Brief: Look below for the line containing "UI-based load testing" and the line containing "Next, I'm going", then set down both and every line between them exactly, without pictures.

Task data:
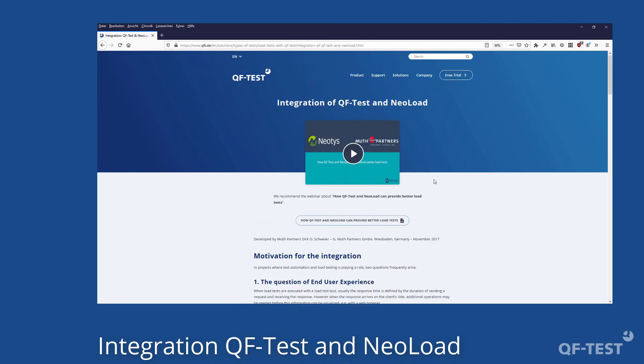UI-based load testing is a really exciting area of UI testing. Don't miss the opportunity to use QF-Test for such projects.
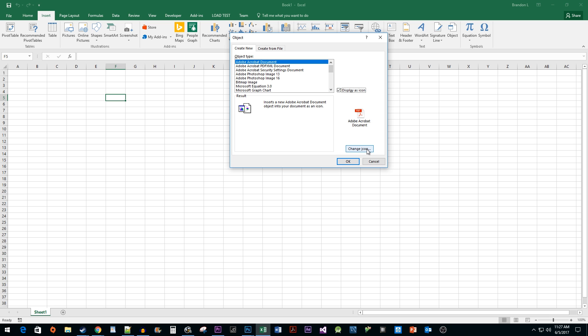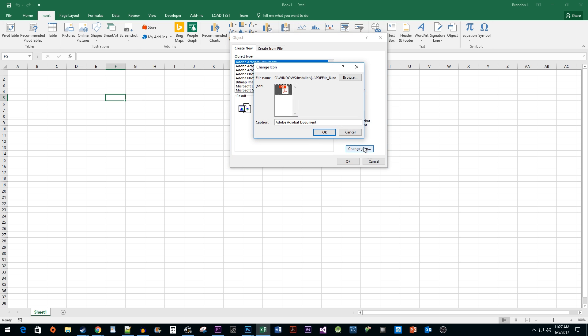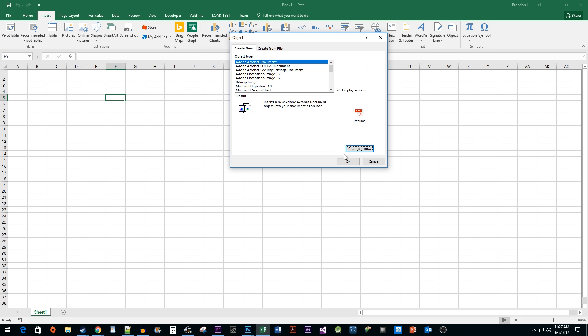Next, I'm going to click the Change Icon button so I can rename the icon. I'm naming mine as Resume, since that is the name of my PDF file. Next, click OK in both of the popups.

==

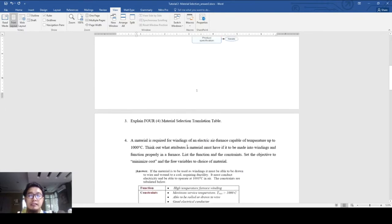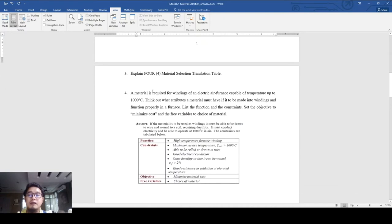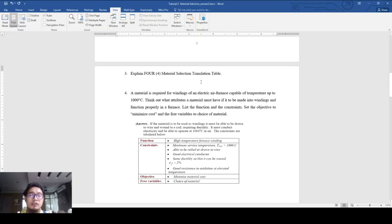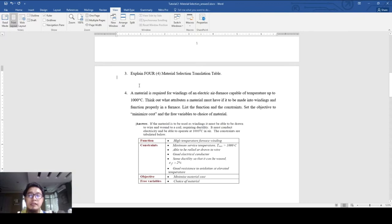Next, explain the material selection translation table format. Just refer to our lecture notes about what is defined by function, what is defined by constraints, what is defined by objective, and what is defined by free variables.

Your solution:
UI-based load testing is a really exciting area of UI testing. Don't miss the opportunity to use QF-Test for such projects.
Next, I'm going to click the Change Icon button so I can rename the icon. I'm naming mine as Resume, since that is the name of my PDF file. Next, click OK in both of the popups.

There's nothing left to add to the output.